Dynamic build agents in Jenkins using AWS

Published in

Globant

10 min readSep 28, 2021

Introduction

Did you ever experience your Jenkins build in queue waiting significantly for the next available executor ? Turns out that other collaborators in your project would be making changes to code simultaneously leading to all the available executors being taken up by builds triggered from their changes. It might become quite frustrating if yours is an urgent bug fix or something that is nearing its deadline of completion. Add to that, delay in execution might also lead to problems being detected late and fixes becoming more expensive.

In this article, we will discuss the below points:
1- Solution
2- Prerequisites
3- Configuration in AWS
4- Installing plugin in Jenkins
5- Configuring EC2-fleet plugin in Jenkins
6- Plugin in Action
7- Troubleshooting
8- Summary
9- References

1- Solution

Jenkins offers running jobs on slaves, enabling us to scale up the number of simultaneous jobs we can run, surpassing the capacity of the master.Traditionally, we would think to scale up by adding additional servers and configuring them to be part of our cluster. But this would involve upfront cost of setting them up and recurring maintenance. We also have to consider that there could be high demand phases where we will be utilizing most of the resources and vice versa low demand phases where our resources would be idle. Therefore a solution dynamic enough to scale as per our workloads should be optimal.

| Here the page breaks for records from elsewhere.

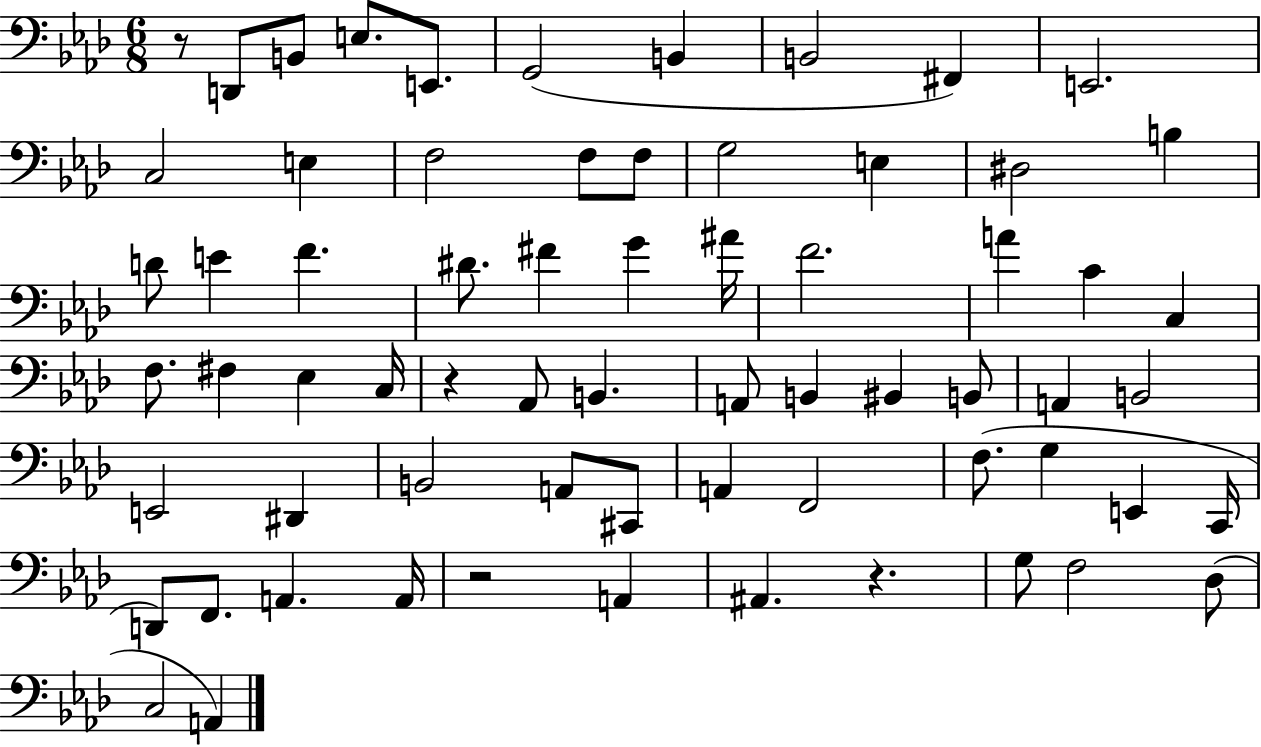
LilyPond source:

{
  \clef bass
  \numericTimeSignature
  \time 6/8
  \key aes \major
  r8 d,8 b,8 e8. e,8. | g,2( b,4 | b,2 fis,4) | e,2. | \break c2 e4 | f2 f8 f8 | g2 e4 | dis2 b4 | \break d'8 e'4 f'4. | dis'8. fis'4 g'4 ais'16 | f'2. | a'4 c'4 c4 | \break f8. fis4 ees4 c16 | r4 aes,8 b,4. | a,8 b,4 bis,4 b,8 | a,4 b,2 | \break e,2 dis,4 | b,2 a,8 cis,8 | a,4 f,2 | f8.( g4 e,4 c,16 | \break d,8) f,8. a,4. a,16 | r2 a,4 | ais,4. r4. | g8 f2 des8( | \break c2 a,4) | \bar "|."
}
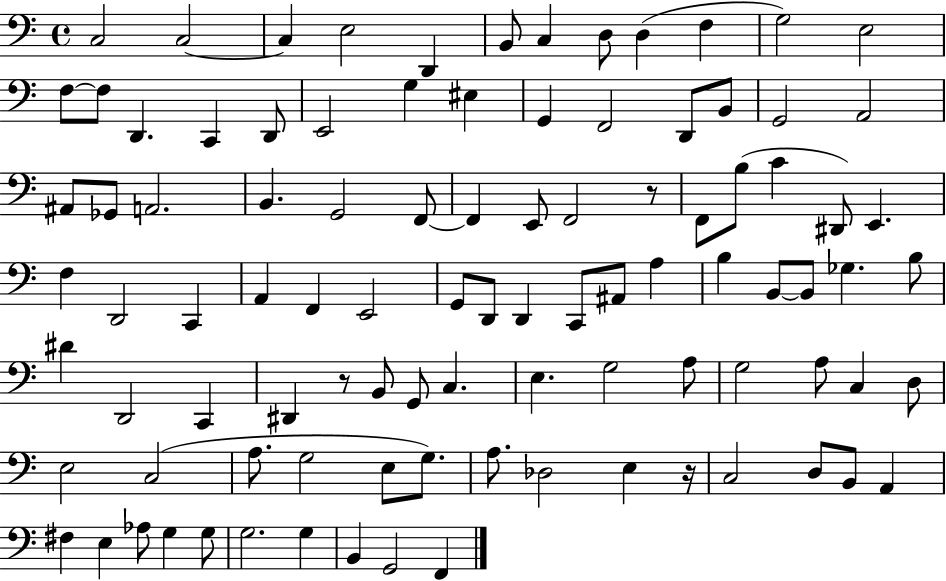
X:1
T:Untitled
M:4/4
L:1/4
K:C
C,2 C,2 C, E,2 D,, B,,/2 C, D,/2 D, F, G,2 E,2 F,/2 F,/2 D,, C,, D,,/2 E,,2 G, ^E, G,, F,,2 D,,/2 B,,/2 G,,2 A,,2 ^A,,/2 _G,,/2 A,,2 B,, G,,2 F,,/2 F,, E,,/2 F,,2 z/2 F,,/2 B,/2 C ^D,,/2 E,, F, D,,2 C,, A,, F,, E,,2 G,,/2 D,,/2 D,, C,,/2 ^A,,/2 A, B, B,,/2 B,,/2 _G, B,/2 ^D D,,2 C,, ^D,, z/2 B,,/2 G,,/2 C, E, G,2 A,/2 G,2 A,/2 C, D,/2 E,2 C,2 A,/2 G,2 E,/2 G,/2 A,/2 _D,2 E, z/4 C,2 D,/2 B,,/2 A,, ^F, E, _A,/2 G, G,/2 G,2 G, B,, G,,2 F,,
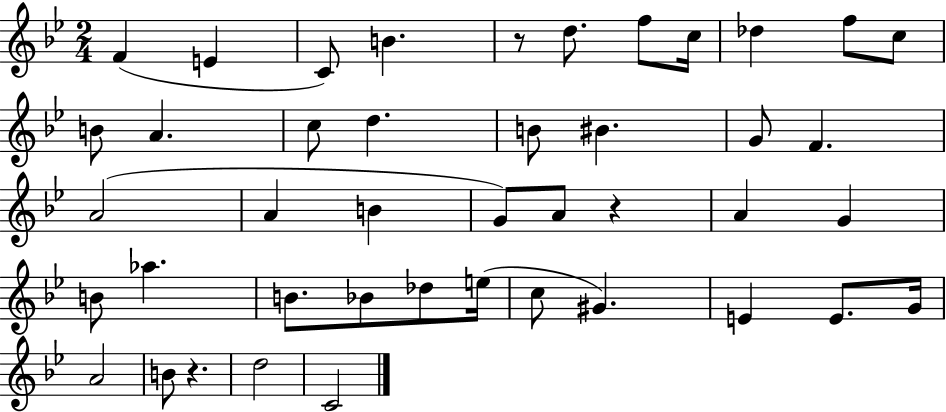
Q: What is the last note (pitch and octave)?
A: C4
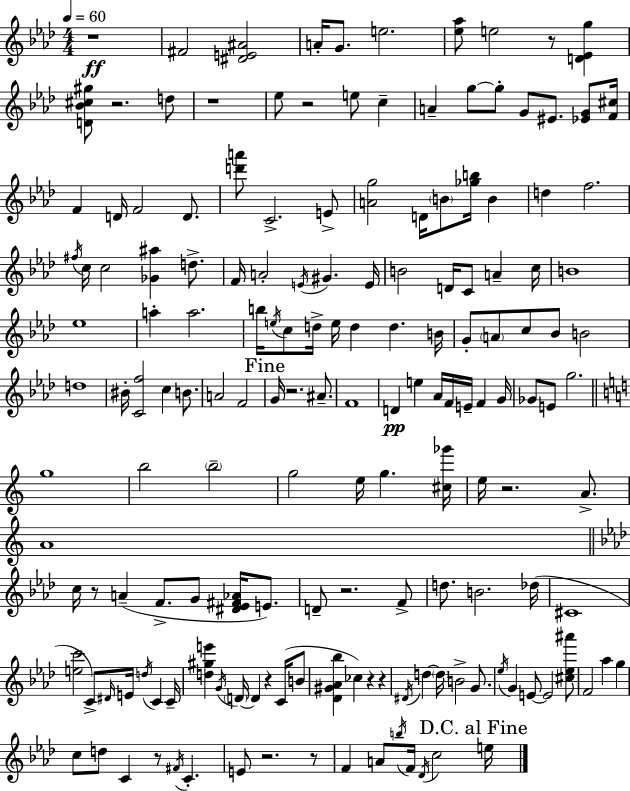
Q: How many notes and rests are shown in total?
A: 164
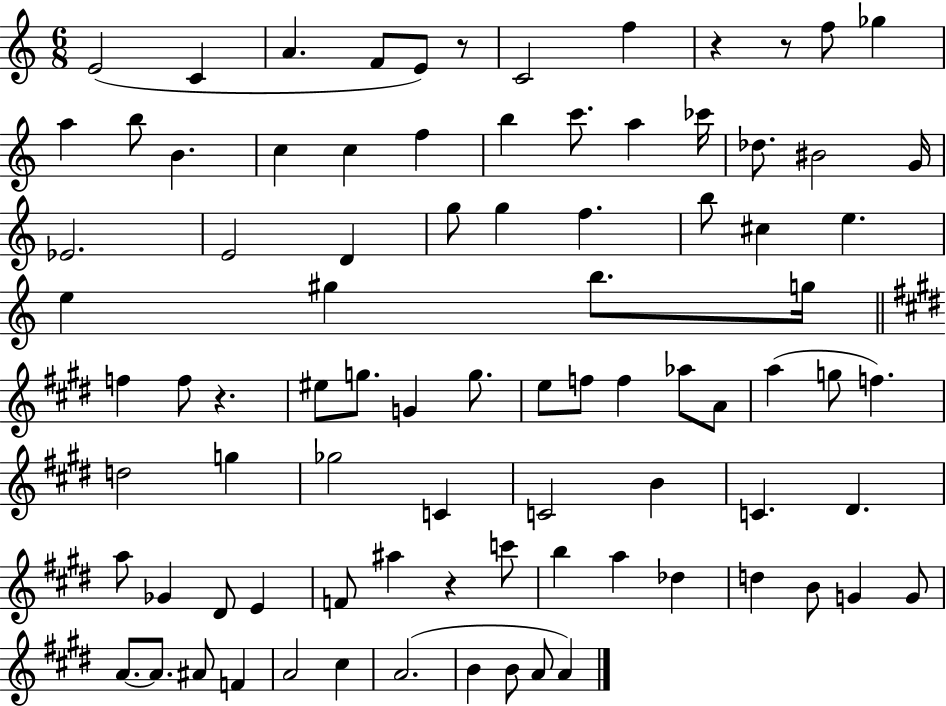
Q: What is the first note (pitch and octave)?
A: E4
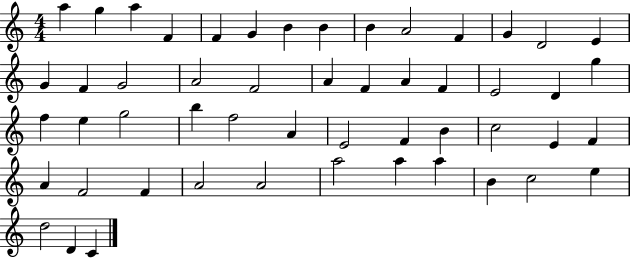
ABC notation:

X:1
T:Untitled
M:4/4
L:1/4
K:C
a g a F F G B B B A2 F G D2 E G F G2 A2 F2 A F A F E2 D g f e g2 b f2 A E2 F B c2 E F A F2 F A2 A2 a2 a a B c2 e d2 D C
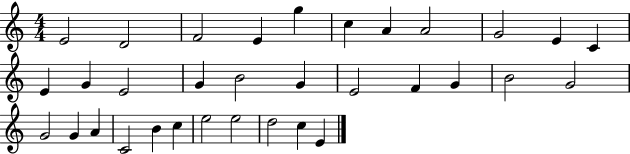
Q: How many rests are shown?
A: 0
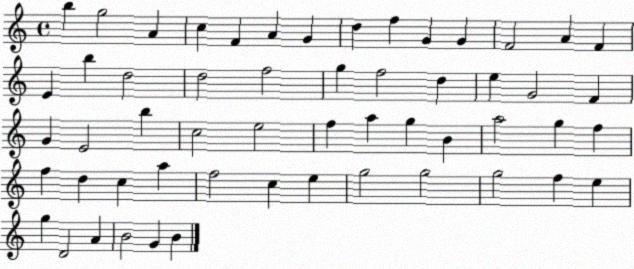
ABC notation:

X:1
T:Untitled
M:4/4
L:1/4
K:C
b g2 A c F A G d f G G F2 A F E b d2 d2 f2 g f2 d e G2 F G E2 b c2 e2 f a g B a2 g f f d c a f2 c e g2 g2 g2 f e g D2 A B2 G B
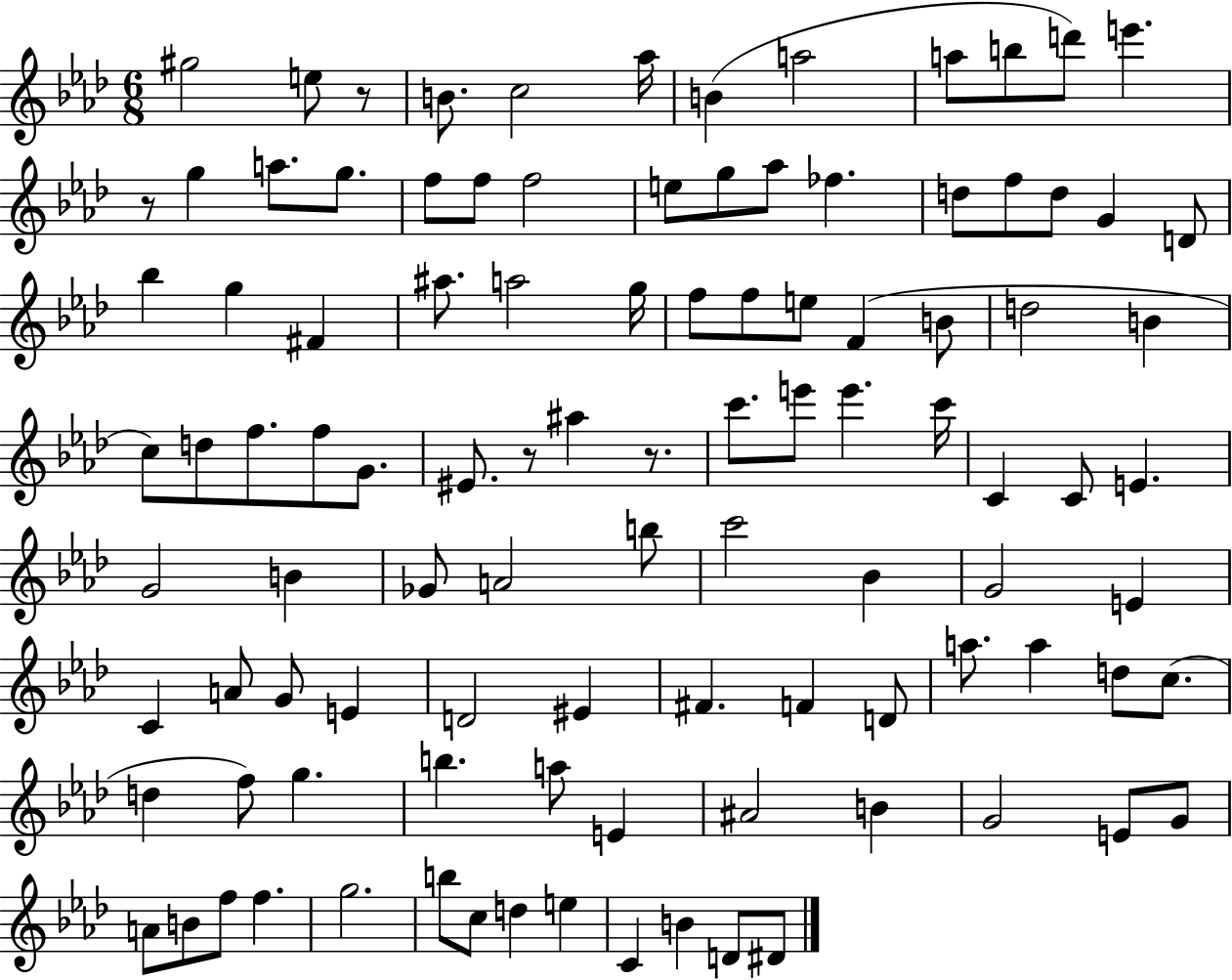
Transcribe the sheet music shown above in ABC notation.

X:1
T:Untitled
M:6/8
L:1/4
K:Ab
^g2 e/2 z/2 B/2 c2 _a/4 B a2 a/2 b/2 d'/2 e' z/2 g a/2 g/2 f/2 f/2 f2 e/2 g/2 _a/2 _f d/2 f/2 d/2 G D/2 _b g ^F ^a/2 a2 g/4 f/2 f/2 e/2 F B/2 d2 B c/2 d/2 f/2 f/2 G/2 ^E/2 z/2 ^a z/2 c'/2 e'/2 e' c'/4 C C/2 E G2 B _G/2 A2 b/2 c'2 _B G2 E C A/2 G/2 E D2 ^E ^F F D/2 a/2 a d/2 c/2 d f/2 g b a/2 E ^A2 B G2 E/2 G/2 A/2 B/2 f/2 f g2 b/2 c/2 d e C B D/2 ^D/2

We can utilize the “pay as you go” model of Cloud wherein we do not have to provision the infrastructure in advance and will be billed as per our usage.It also offers features like Auto Scaling which helps to scale in/out a fault tolerant infrastructure capacity based on the workload.

Jenkins offers an “EC2-Fleet” plugin to provision the build agents in AWS and utilize Auto Scaling feature to scale up or down depending on the jobs in the queue. It also replaces instances that were terminated as a result of demand spikes in specific Spot Instance pools.(Given if we have configured our capacity to use Spot instances)

2- Prerequisites

1. An AWS IAM account which has permissions to EC2 and AutoScaling actions.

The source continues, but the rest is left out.